§ **Work instructions**: Find the line with "违章停车出车祸怎么处理（车子违停出车祸怎么处理）" in the records below. Copy it and every line after it, up to and including the line with "If you have".

(Dataset records)
==========
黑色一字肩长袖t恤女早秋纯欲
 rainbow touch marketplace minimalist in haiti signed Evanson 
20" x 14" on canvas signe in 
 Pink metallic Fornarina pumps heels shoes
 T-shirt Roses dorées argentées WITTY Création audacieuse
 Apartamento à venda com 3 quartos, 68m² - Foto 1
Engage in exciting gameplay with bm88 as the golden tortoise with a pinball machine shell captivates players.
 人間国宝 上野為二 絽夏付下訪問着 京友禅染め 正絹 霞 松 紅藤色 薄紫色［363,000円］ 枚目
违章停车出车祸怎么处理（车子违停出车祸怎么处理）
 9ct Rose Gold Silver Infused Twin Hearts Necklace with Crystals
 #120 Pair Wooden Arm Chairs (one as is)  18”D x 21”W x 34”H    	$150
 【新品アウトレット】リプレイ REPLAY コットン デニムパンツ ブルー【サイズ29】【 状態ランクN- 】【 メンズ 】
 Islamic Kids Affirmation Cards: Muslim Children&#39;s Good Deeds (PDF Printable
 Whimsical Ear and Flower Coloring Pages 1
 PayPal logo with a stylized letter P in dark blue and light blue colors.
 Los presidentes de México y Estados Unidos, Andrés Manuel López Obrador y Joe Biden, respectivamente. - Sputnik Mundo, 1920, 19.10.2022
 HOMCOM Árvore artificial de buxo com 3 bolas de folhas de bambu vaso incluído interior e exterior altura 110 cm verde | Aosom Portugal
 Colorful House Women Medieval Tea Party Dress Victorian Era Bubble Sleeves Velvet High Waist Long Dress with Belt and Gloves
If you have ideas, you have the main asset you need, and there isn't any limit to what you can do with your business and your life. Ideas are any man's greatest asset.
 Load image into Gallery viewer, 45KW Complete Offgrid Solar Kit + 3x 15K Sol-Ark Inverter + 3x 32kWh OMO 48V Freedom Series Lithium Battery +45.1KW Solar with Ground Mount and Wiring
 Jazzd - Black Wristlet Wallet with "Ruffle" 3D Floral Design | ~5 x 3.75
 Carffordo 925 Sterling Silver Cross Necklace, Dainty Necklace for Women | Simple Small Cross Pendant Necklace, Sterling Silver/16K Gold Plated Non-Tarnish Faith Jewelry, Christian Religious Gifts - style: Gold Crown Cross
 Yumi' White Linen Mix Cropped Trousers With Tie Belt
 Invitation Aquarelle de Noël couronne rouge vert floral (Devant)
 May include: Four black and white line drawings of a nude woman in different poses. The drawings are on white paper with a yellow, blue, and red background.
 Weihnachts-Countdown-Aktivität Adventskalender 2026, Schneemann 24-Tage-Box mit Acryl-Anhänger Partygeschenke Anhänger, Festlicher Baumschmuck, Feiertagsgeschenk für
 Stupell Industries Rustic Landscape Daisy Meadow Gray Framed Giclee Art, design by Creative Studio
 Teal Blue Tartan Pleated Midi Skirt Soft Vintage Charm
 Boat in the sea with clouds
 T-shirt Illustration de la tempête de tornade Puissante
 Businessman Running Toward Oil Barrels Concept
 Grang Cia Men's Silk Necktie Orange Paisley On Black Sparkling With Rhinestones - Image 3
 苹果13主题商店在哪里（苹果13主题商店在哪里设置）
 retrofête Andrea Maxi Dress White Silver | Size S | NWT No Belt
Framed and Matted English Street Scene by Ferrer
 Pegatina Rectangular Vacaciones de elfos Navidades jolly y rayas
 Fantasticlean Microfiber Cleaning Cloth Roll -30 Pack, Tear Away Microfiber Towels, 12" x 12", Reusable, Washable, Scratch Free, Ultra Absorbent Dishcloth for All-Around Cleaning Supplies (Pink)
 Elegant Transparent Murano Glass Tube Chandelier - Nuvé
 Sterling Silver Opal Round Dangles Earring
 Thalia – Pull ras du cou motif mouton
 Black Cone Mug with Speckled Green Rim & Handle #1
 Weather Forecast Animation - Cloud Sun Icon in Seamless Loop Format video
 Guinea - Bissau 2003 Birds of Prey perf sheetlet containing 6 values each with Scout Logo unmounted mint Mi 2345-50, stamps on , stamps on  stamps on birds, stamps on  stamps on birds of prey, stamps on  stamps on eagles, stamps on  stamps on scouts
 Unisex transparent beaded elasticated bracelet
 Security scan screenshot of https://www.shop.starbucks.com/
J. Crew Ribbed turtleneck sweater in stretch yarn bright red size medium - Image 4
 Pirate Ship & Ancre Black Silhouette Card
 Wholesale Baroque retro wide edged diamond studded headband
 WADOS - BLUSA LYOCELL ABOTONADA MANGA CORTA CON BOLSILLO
==========
§ **Exercise solution**:
违章停车出车祸怎么处理（车子违停出车祸怎么处理）
 9ct Rose Gold Silver Infused Twin Hearts Necklace with Crystals
 #120 Pair Wooden Arm Chairs (one as is)  18”D x 21”W x 34”H    	$150
 【新品アウトレット】リプレイ REPLAY コットン デニムパンツ ブルー【サイズ29】【 状態ランクN- 】【 メンズ 】
 Islamic Kids Affirmation Cards: Muslim Children&#39;s Good Deeds (PDF Printable
 Whimsical Ear and Flower Coloring Pages 1
 PayPal logo with a stylized letter P in dark blue and light blue colors.
 Los presidentes de México y Estados Unidos, Andrés Manuel López Obrador y Joe Biden, respectivamente. - Sputnik Mundo, 1920, 19.10.2022
 HOMCOM Árvore artificial de buxo com 3 bolas de folhas de bambu vaso incluído interior e exterior altura 110 cm verde | Aosom Portugal
 Colorful House Women Medieval Tea Party Dress Victorian Era Bubble Sleeves Velvet High Waist Long Dress with Belt and Gloves
If you have ideas, you have the main asset you need, and there isn't any limit to what you can do with your business and your life. Ideas are any man's greatest asset.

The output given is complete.